FIG. 5D illustrates the H level audio data A20 calculated from the H level audio signal A2 in FIG. 5B. FIG. 5E illustrates the L level audio data A30 calculated from the L level audio signal A3 in FIG. 5C. According to the calculation of the amplification unit 174, as illustrated in FIGS. 5D and 5E, the magnitude of sound volume can be equalized between the H level audio data A20 and the L level audio data A30, for example.

Next, the combining unit 176 in the audio processing engine 170 generates audio data A10 of float recording by arithmetic processing of combining the H level audio data A20 and the L level audio data A30 by switching therebetween, for example. FIG. 5F illustrates the audio data A10 of float recording generated from the audio data A20 and A30 of FIGS. 5D and 5E.

For example, the combining unit 176 compares the magnitude (absolute value) of the L level audio data A30 with a predetermined threshold Mt, and in the case that the L level audio data A30 is equal to or more than the threshold Mt, employs the L level audio data A30 as the audio data A10 of float recording. On the other hand, in the case that the L level audio data A30 is less than the threshold Mt, the combining unit 176 employs the H level audio data A20 as the audio data A10 of float recording. For example, the threshold Mt is set in the vicinity of a value Mb corresponding to the maximum value Ma of output from each of the signal processors 220 and 230 or less in each piece of the audio data A20 and A30.

According to the float recording operation described above, in the present system 10, the sound collection apparatus 200 and the digital camera 100 cooperate with each other to obtain the audio data A10 of float recording that accurately shows input sound acquired by the sound collection apparatus 200. For example, it is not necessary to provide an arithmetic circuit capable of performing floating point operation particularly in the sound collection apparatus 200, and thus a device configuration of the sound collection apparatus 200 can be simplified.

According to the processing of the combining unit 176, influence of signal distortion in the H level audio data A20 is easily avoided by using the L level audio data A30 for threshold determination.
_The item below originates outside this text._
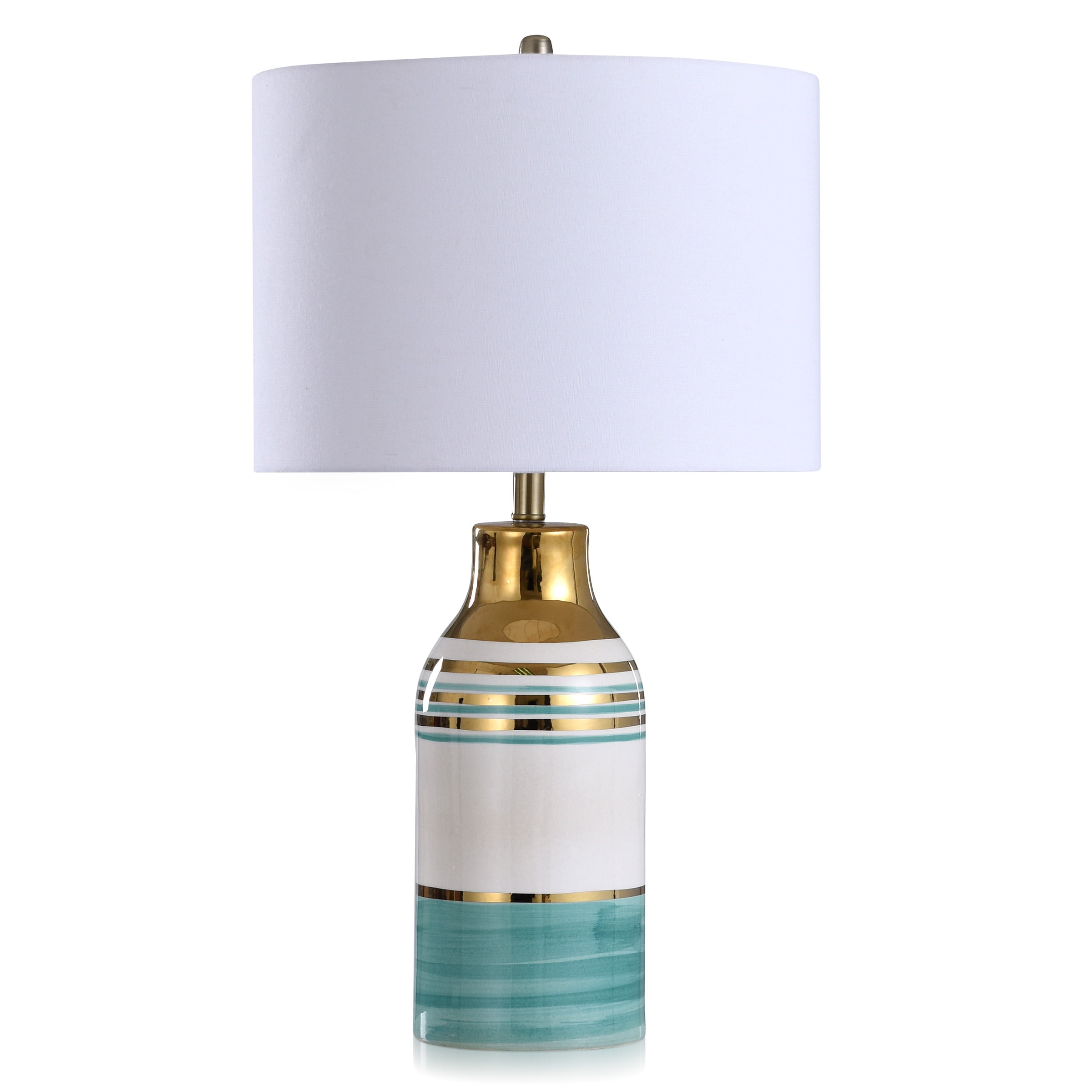 Mint and Gold Ceramic Milk Jar Table Lamp with White Shade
For example, as illustrated in FIGS. 5E and 5F, in a range of large sound volume that is enough to cause signal distortion in the H level audio data A20, the L level audio data A30 is employed, and thus influence of the signal distortion can be reduced in the audio data A10 of float recording. For example, as illustrated in FIGS. 5D and 5F, a signal-to-noise ratio can be improved by employing the H level audio data A20 as a sound collection result except for the large sound volume range.

The combining unit 176 may perform various arithmetic processing of combining the H level audio data A20 and the L level audio data A30, and a hysteresis may be provided in the threshold determination as described above, for example. For example, when the H level audio data A20 and the L level audio data A30 are frequently switched by threshold determination, the audio data may be temporarily fixed to the L level audio data A30. By such arithmetic processing, it is possible to reduce uncomfortable feeling on audibility in the audio data A10 of float recording.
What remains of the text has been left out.